▸ About this task:
Your output should reproduce each entry exactly, with none of its pictures.
==*==
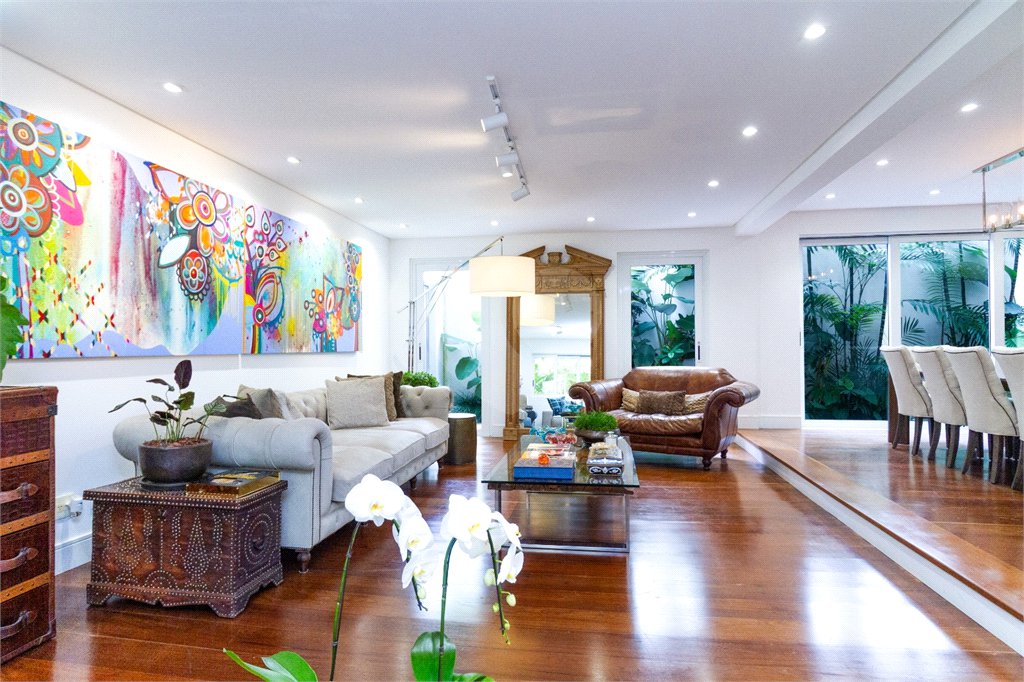 Casa à venda ou para alugar com 4 suítes em Jardim América, São Paulo, SP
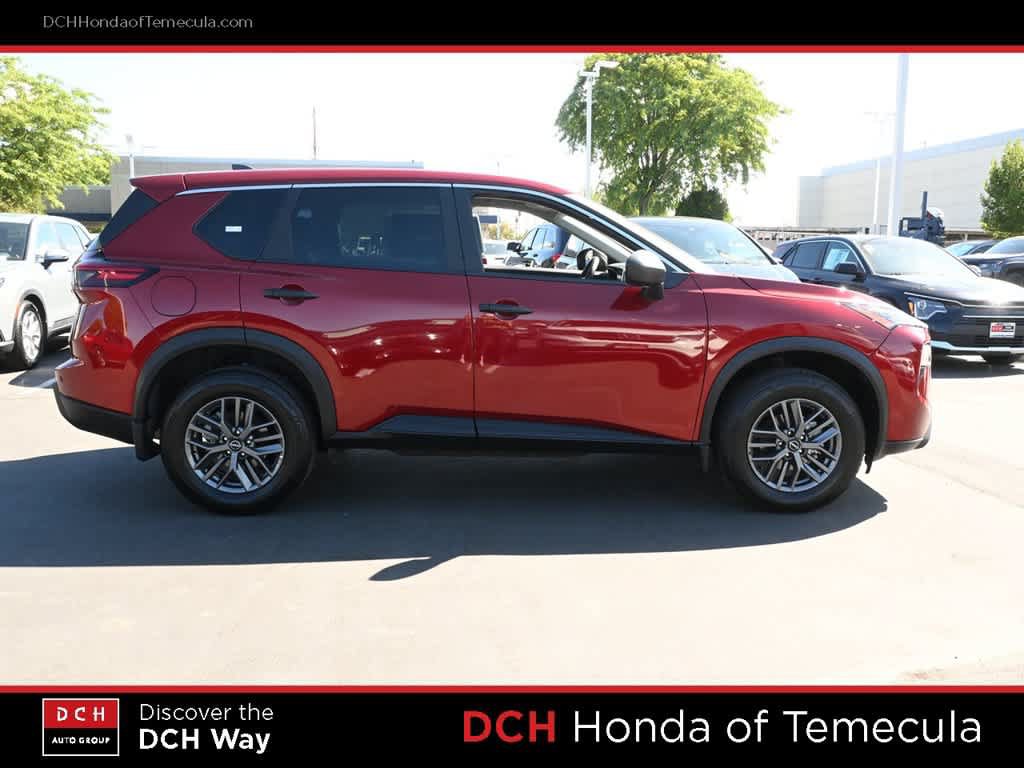 Used 2025 Nissan Rogue S FWD image 5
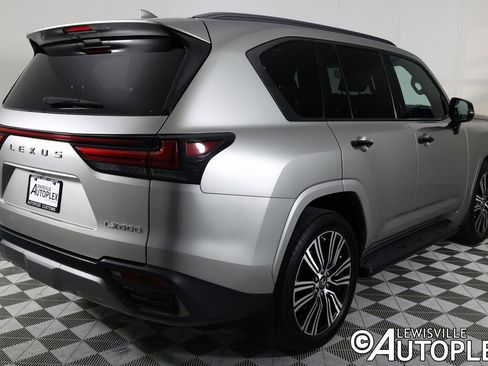 Used 2023 Lexus LX 600 4WD w/ Appearance Package image 5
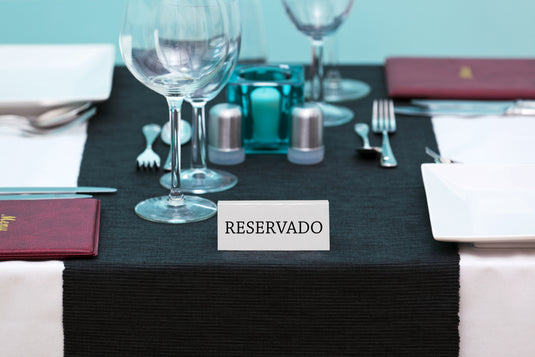 Securit Table Boards - Accessories Signs - White 5x10x4,5cm - Pack of 6 - in use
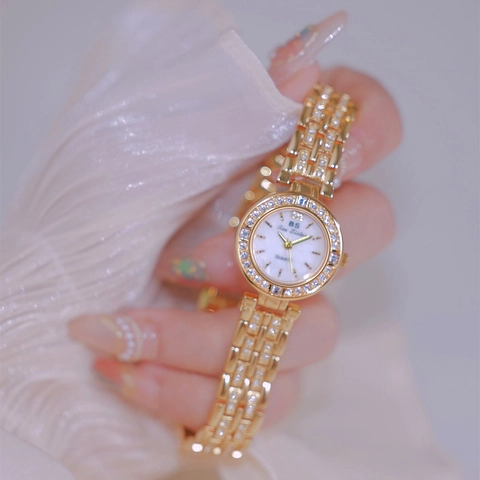 Damen Luxus Quarz Uhr Mit Strass Kleines Rundes Zifferblatt Wasserdicht Legierung Mode Armbanduhr Schmuckschließe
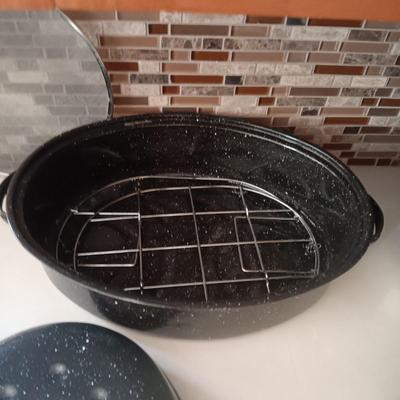 LARGE COLLECTION OF COOKWARE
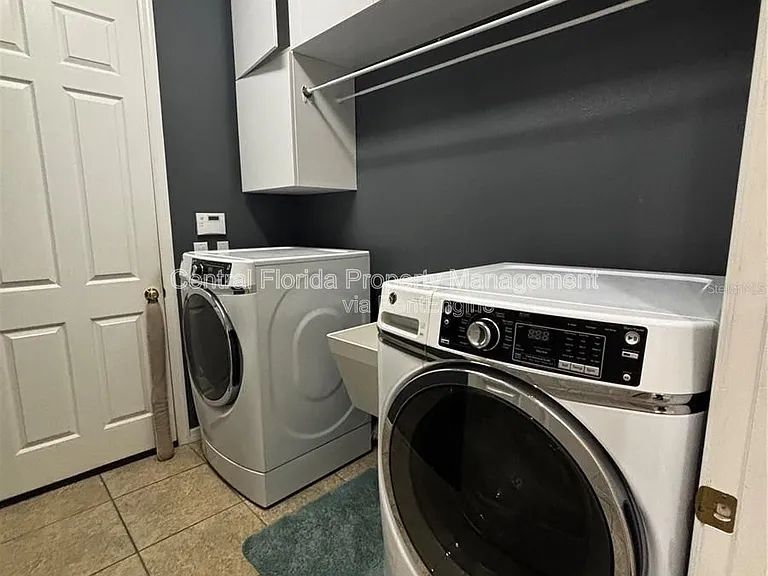 16127 Bristol Lake Cir — Photo 38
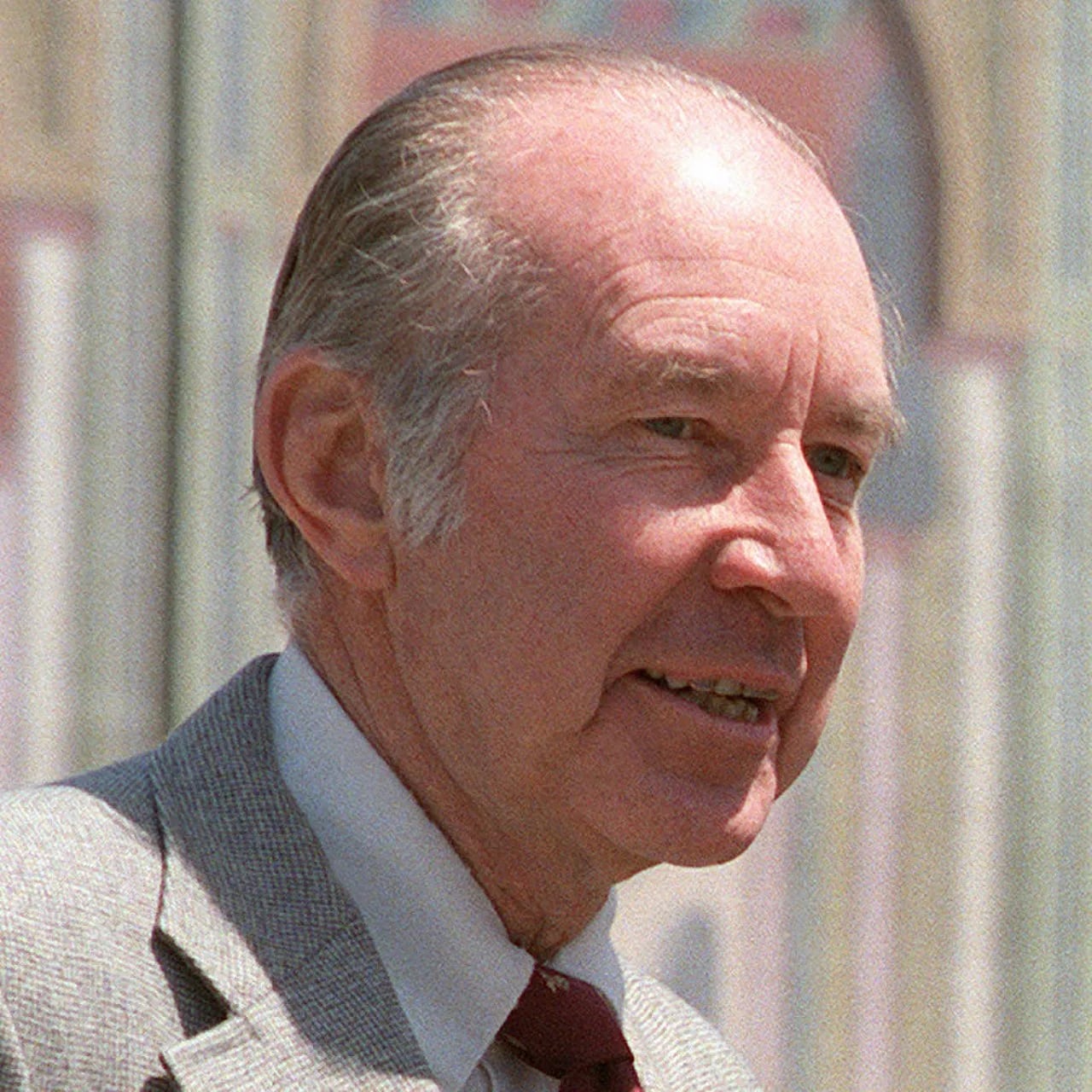 Porträt von W. Graham Claytor Jr. (1912–1994) – Gedenkseite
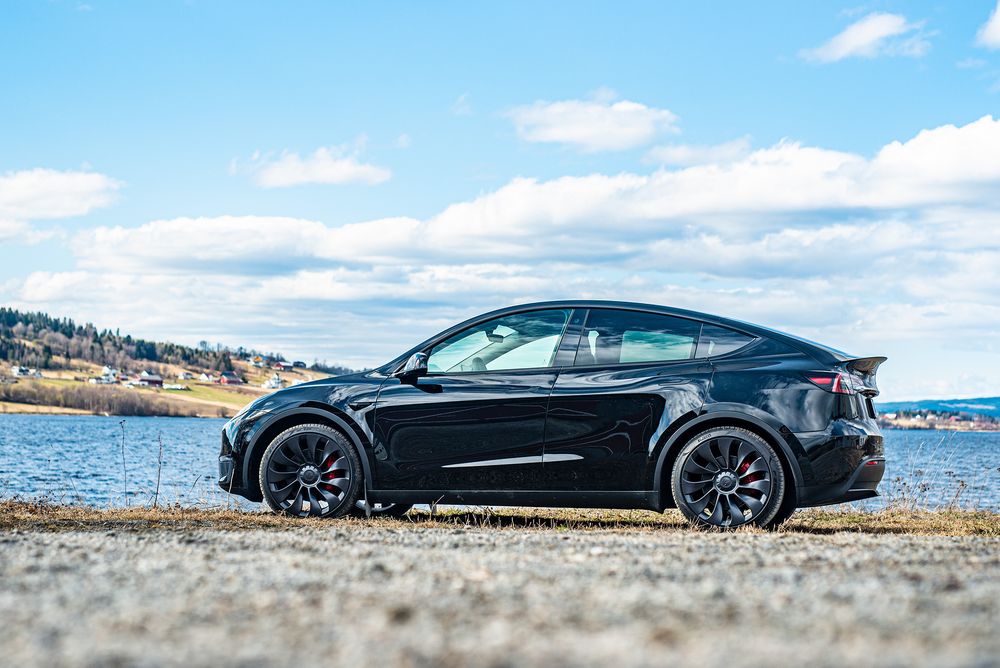 Av elbiler er det desidert flest Teslaer som ruller rundt på norske veier. Av 900.000 utgjør Tesla Model Y hele 76.000.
==*==
▸ Response:
 Casa à venda ou para alugar com 4 suítes em Jardim América, São Paulo, SP
 Used 2025 Nissan Rogue S FWD image 5
 Used 2023 Lexus LX 600 4WD w/ Appearance Package image 5
 Securit Table Boards - Accessories Signs - White 5x10x4,5cm - Pack of 6 - in use
 Damen Luxus Quarz Uhr Mit Strass Kleines Rundes Zifferblatt Wasserdicht Legierung Mode Armbanduhr Schmuckschließe
 LARGE COLLECTION OF COOKWARE
 16127 Bristol Lake Cir — Photo 38
 Porträt von W. Graham Claytor Jr. (1912–1994) – Gedenkseite
 Av elbiler er det desidert flest Teslaer som ruller rundt på norske veier. Av 900.000 utgjør Tesla Model Y hele 76.000.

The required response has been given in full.